#### Your task:
Give back all the data below exactly as it is shown.

#### Provided information:
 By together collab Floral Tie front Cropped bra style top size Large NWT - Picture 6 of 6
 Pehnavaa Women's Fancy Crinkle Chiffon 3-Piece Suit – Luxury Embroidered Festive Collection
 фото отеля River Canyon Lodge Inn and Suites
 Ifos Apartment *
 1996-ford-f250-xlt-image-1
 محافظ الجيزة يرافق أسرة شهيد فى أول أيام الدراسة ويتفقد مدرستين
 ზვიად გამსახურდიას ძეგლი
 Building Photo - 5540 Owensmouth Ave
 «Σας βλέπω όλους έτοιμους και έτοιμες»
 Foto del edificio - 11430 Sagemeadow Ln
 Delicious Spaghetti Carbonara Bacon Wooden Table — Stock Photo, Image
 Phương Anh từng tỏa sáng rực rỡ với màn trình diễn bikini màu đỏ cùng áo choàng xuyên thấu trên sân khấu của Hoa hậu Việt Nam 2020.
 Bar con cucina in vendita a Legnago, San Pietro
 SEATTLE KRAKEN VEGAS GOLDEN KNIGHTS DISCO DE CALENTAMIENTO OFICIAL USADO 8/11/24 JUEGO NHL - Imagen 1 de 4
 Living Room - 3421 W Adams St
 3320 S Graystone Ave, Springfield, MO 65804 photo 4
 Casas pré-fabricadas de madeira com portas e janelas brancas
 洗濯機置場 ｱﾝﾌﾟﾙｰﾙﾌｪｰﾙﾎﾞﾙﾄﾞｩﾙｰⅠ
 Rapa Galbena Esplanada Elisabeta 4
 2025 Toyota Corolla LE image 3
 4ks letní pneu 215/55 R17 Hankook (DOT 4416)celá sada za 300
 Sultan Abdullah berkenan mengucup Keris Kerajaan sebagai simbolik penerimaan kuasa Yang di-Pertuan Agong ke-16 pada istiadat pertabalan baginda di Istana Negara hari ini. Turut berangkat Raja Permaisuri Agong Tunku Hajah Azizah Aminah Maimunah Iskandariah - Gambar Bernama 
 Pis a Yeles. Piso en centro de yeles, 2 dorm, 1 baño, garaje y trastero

#### Completed task:
 By together collab Floral Tie front Cropped bra style top size Large NWT - Picture 6 of 6
 Pehnavaa Women's Fancy Crinkle Chiffon 3-Piece Suit – Luxury Embroidered Festive Collection
 фото отеля River Canyon Lodge Inn and Suites
 Ifos Apartment *
 1996-ford-f250-xlt-image-1
 محافظ الجيزة يرافق أسرة شهيد فى أول أيام الدراسة ويتفقد مدرستين
 ზვიად გამსახურდიას ძეგლი
 Building Photo - 5540 Owensmouth Ave
 «Σας βλέπω όλους έτοιμους και έτοιμες»
 Foto del edificio - 11430 Sagemeadow Ln
 Delicious Spaghetti Carbonara Bacon Wooden Table — Stock Photo, Image
 Phương Anh từng tỏa sáng rực rỡ với màn trình diễn bikini màu đỏ cùng áo choàng xuyên thấu trên sân khấu của Hoa hậu Việt Nam 2020.
 Bar con cucina in vendita a Legnago, San Pietro
 SEATTLE KRAKEN VEGAS GOLDEN KNIGHTS DISCO DE CALENTAMIENTO OFICIAL USADO 8/11/24 JUEGO NHL - Imagen 1 de 4
 Living Room - 3421 W Adams St
 3320 S Graystone Ave, Springfield, MO 65804 photo 4
 Casas pré-fabricadas de madeira com portas e janelas brancas
 洗濯機置場 ｱﾝﾌﾟﾙｰﾙﾌｪｰﾙﾎﾞﾙﾄﾞｩﾙｰⅠ
 Rapa Galbena Esplanada Elisabeta 4
 2025 Toyota Corolla LE image 3
 4ks letní pneu 215/55 R17 Hankook (DOT 4416)celá sada za 300
 Sultan Abdullah berkenan mengucup Keris Kerajaan sebagai simbolik penerimaan kuasa Yang di-Pertuan Agong ke-16 pada istiadat pertabalan baginda di Istana Negara hari ini. Turut berangkat Raja Permaisuri Agong Tunku Hajah Azizah Aminah Maimunah Iskandariah - Gambar Bernama 
 Pis a Yeles. Piso en centro de yeles, 2 dorm, 1 baño, garaje y trastero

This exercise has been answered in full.